◆ Try it:
Write out again, word for word, the lines below from the line that holds "Movie still from" through the line that holds "Young multiethnic couple", omitting pictures.

◆ Provided information:
========================================================================

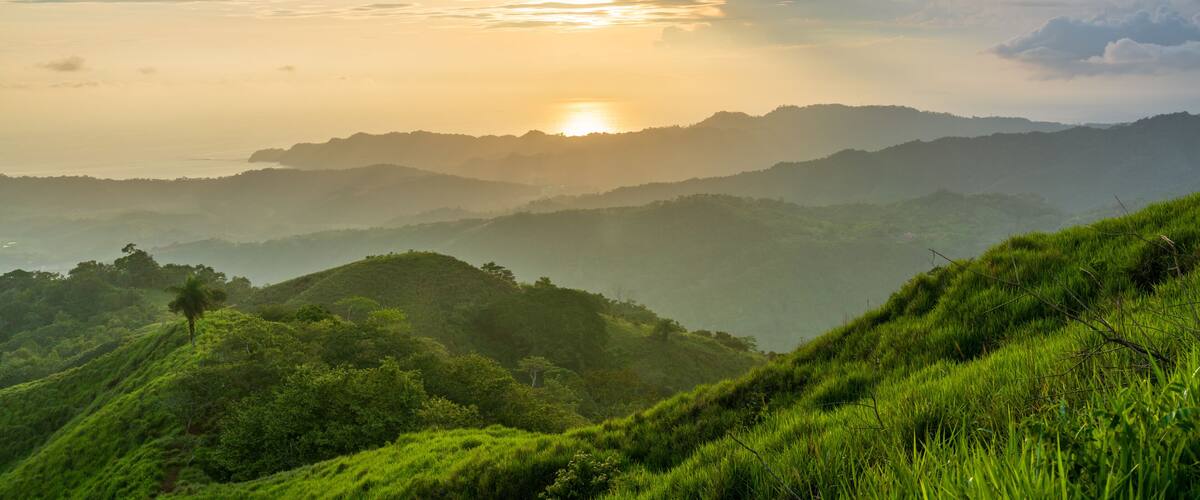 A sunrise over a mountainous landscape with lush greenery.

========================================================================

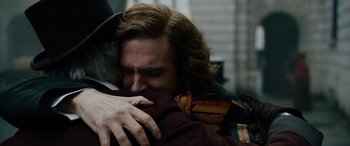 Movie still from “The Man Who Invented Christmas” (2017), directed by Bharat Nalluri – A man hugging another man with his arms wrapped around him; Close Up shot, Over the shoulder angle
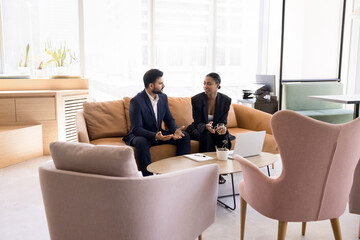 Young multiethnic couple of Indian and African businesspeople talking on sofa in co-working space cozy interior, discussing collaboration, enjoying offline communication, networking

========================================================================

◆ Completed task:
 Movie still from “The Man Who Invented Christmas” (2017), directed by Bharat Nalluri – A man hugging another man with his arms wrapped around him; Close Up shot, Over the shoulder angle
 Young multiethnic couple of Indian and African businesspeople talking on sofa in co-working space cozy interior, discussing collaboration, enjoying offline communication, networking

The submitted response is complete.